How important are celebrity endorsements? Should celebrities be punished for their actions when it comes to representing a brand? Professional swimmer, Michale Phelps was recently caught having a little too much fun last November while partying at The University of South Carolina. Along with the alcohol he consumed at a party he was also caught taking a hit from a bong that was being passed around.
Celebrities are constantly in the public eye. Phelps was caught participating in activities (smoking pot) that would not reflect well on the Kellogg’s Co. brand that “has a commitment to nutrition, health, and quality” . If he is under a deal with them, is he constantly representing the brand? Personally, when I saw the photo of Phelp’s hitting the bong I didn’t think about Kellogg’s Co. I will admit though if I was eating a box of Kellogg’s cereal with his photo on it, I would probably think about him smoking weed.
Celebrities are constantly in the public eye, and everything they do or say is judged.

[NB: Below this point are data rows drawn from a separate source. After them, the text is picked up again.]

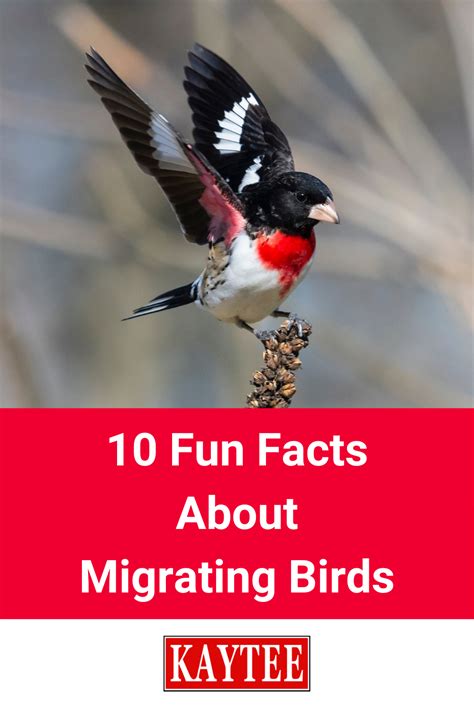 10 Fun Facts About Migrating Birds in 2021 | Bird migration, Birds ...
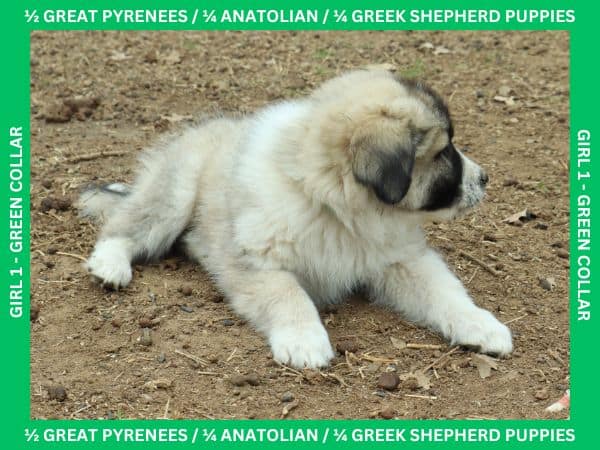 LGD Puppies-Great Pyrenees/Shepherd Mix image 8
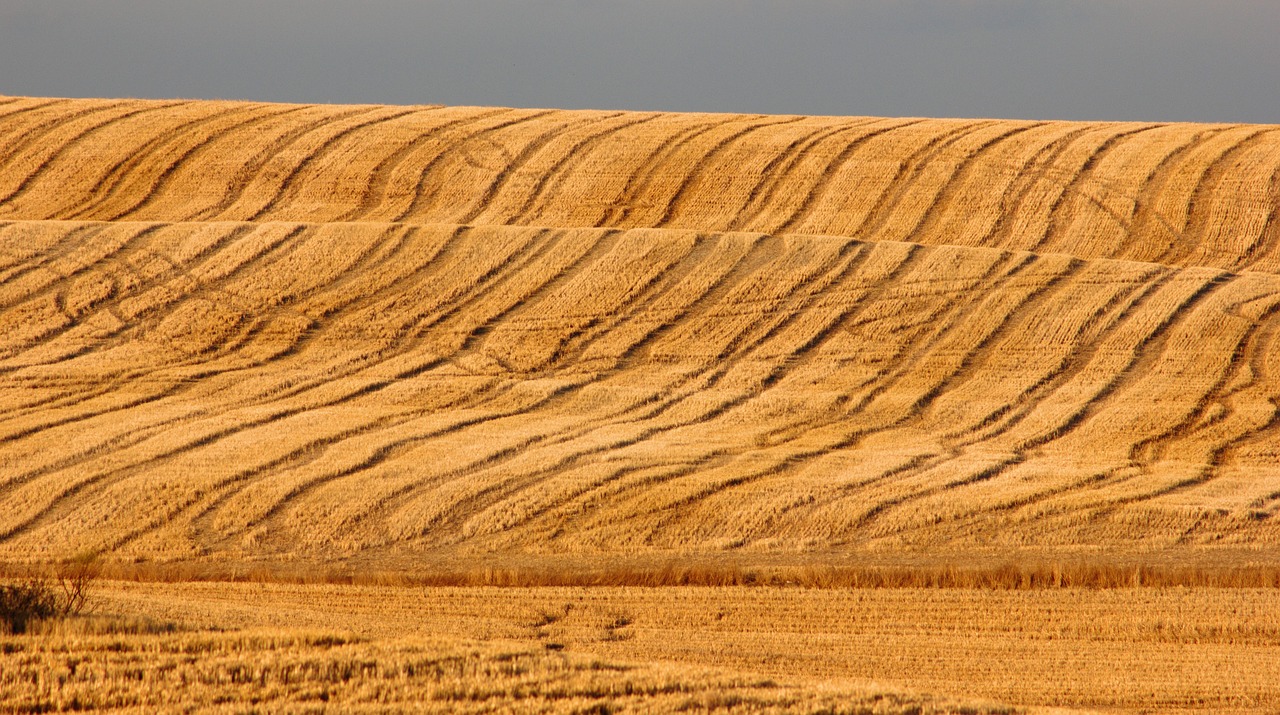 Image - field straw rustic agriculture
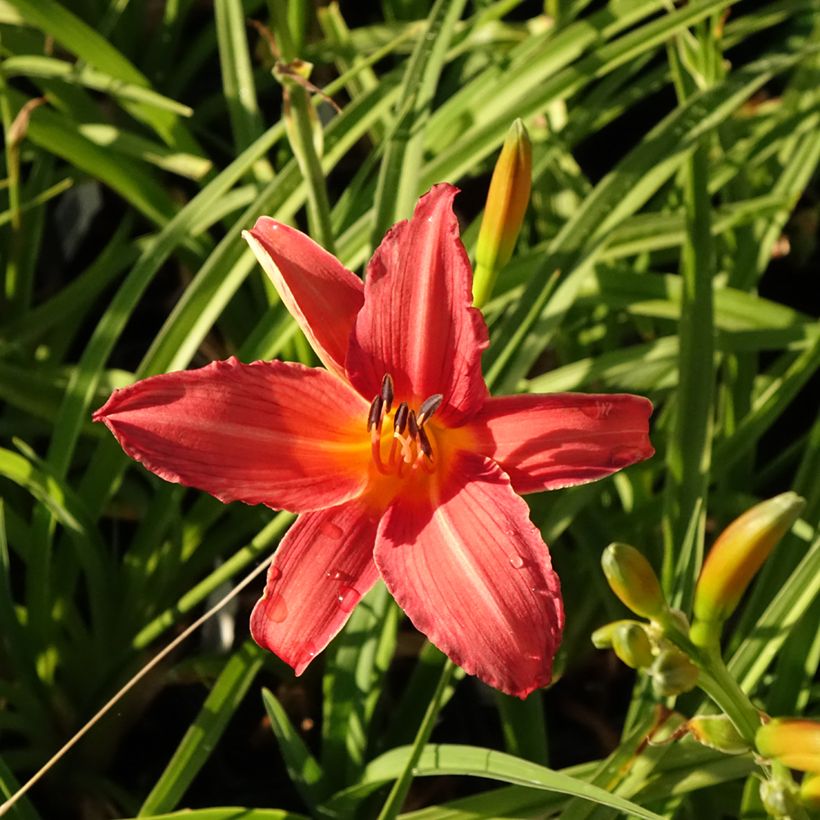 Hemerocallis Flambeau - Taglilie (Blüte)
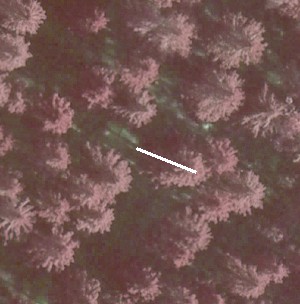 An example spruce, 27 m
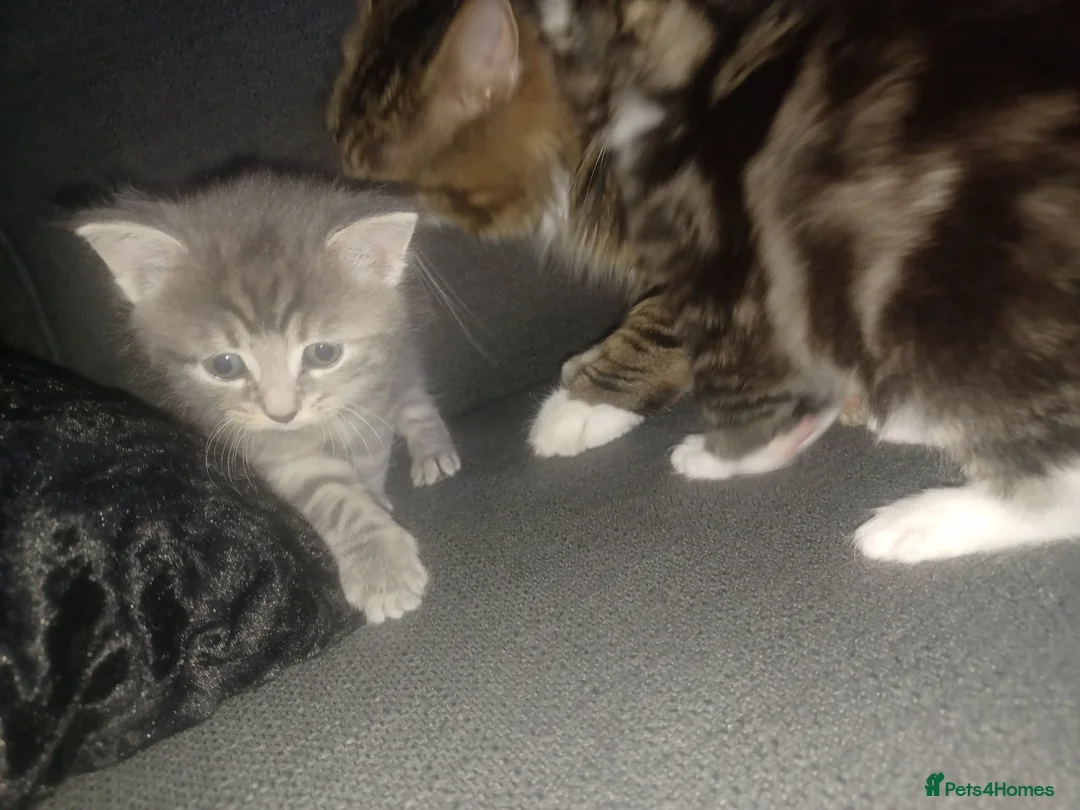 Maine Coon cats for sale: Adorable fluffy beautiful babys - Advert 2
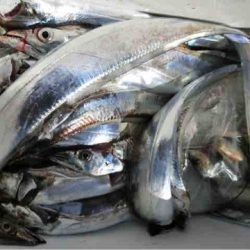 遊漁船 セトマリン 釣果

Of course someone is going to attempt to capture a photo of Phelp’s smoking. For a typical college student that would probably be “the tightest picture ever.” Everything he does is going to be reflected on the brands that represent him. Therefore, I completely agree with Kellogg’s decision. As a celebrity, you can’t go around hitting off of bongs and not except to be reprimanded for it.
Kevin Adler, founder of Chicago sports marketing firm Engage Marketing, commented, “Athletes are brands. If you do something that runs contrary to your brand image, it will affect your ability to monetise that brand image. It really is that simple.”
Steve Crescenzo, author of Corporate Hallucinations holds a different opinion on the matter. Crescenzo believes that “Kelloggs Co. is loosing the best spokesperson they ever could have asked for.” He commented in his blog, “These people had the perfect pitchman for their products, and they blew it. Instead of cutting Phelps loose, they should have built an entire ad campaign around him.”
These different view points are very interesting. Crescenzo is arguing that Kelloggs Co. should take advantage of this opportunity to frame their ads, while Adler argues that Phelps should have thought about his endorsement with Kelloggs Co. before affecting his deal by getting high.
So, in the end, I feel bad for Phelps. He is a young man and just wanted to have a little fun. As a college student I know that going out and “partying” with friends is a way to relieve stress. Normal students can do that on the weekends, and do not necessarily have to deal with the consequences. Phelps has the whole world watching him, and he better bet if people see him hitting a bong, they will definitely capture the moment and make sure everyone else knows about it too.
Does Kelloggs Co. want to support illegal drug use? I would argue, definitely not.